**WHAT IS BEING ASKED:** Omit all pictures and transcribe only the lines in the entries below that run from the line with "Apartamento com 2" through the line with "SCAN Aurum Liquid".

**EXCERPTED RECORDS:**
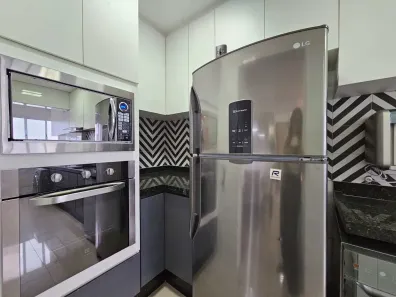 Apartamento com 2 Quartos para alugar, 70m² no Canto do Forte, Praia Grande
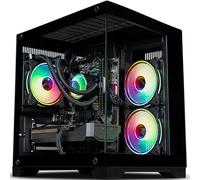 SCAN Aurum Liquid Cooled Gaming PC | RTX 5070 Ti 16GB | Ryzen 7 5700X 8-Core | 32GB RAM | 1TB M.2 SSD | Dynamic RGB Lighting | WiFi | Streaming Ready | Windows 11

...

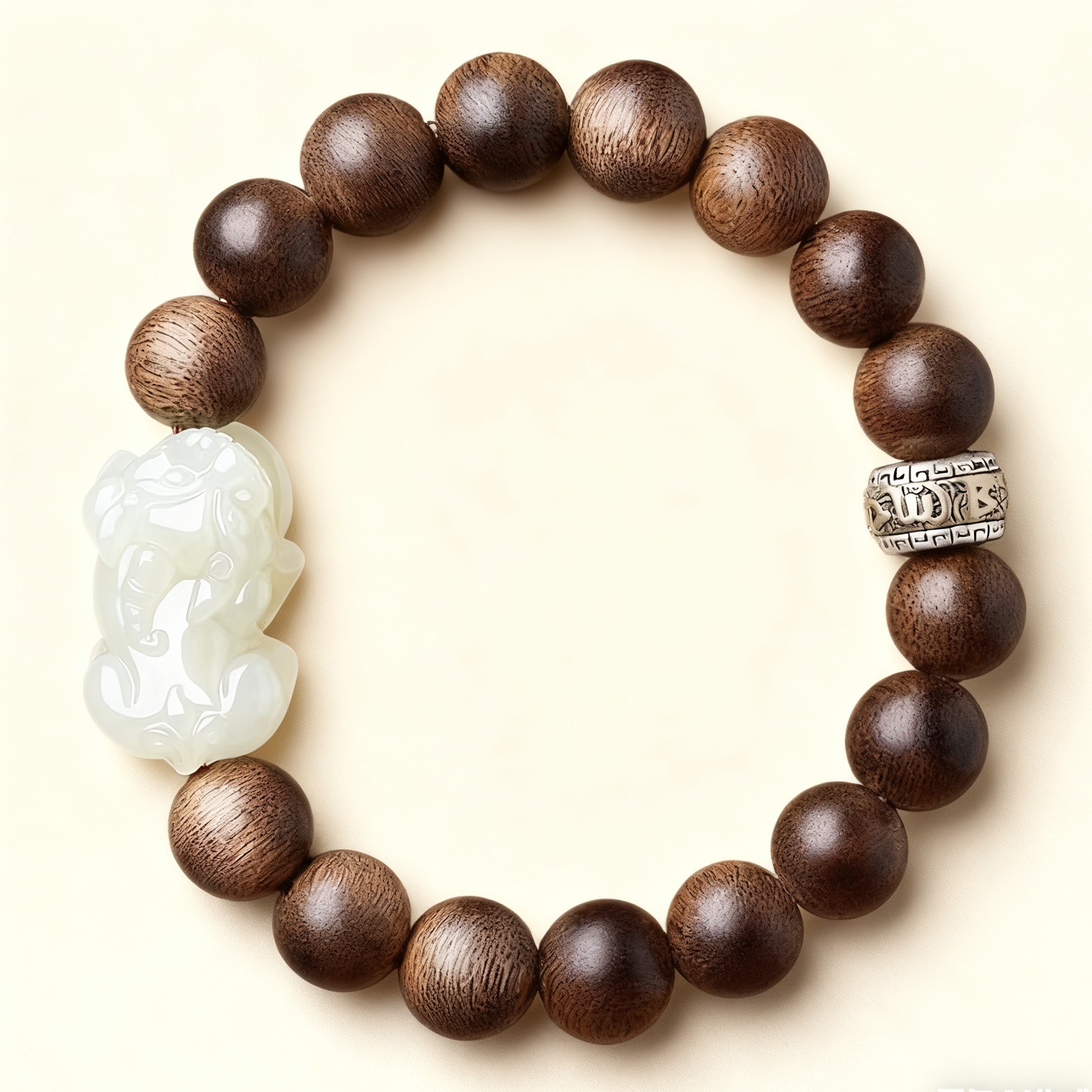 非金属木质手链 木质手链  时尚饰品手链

**RESPONSE AREA:**
 Apartamento com 2 Quartos para alugar, 70m² no Canto do Forte, Praia Grande
 SCAN Aurum Liquid Cooled Gaming PC | RTX 5070 Ti 16GB | Ryzen 7 5700X 8-Core | 32GB RAM | 1TB M.2 SSD | Dynamic RGB Lighting | WiFi | Streaming Ready | Windows 11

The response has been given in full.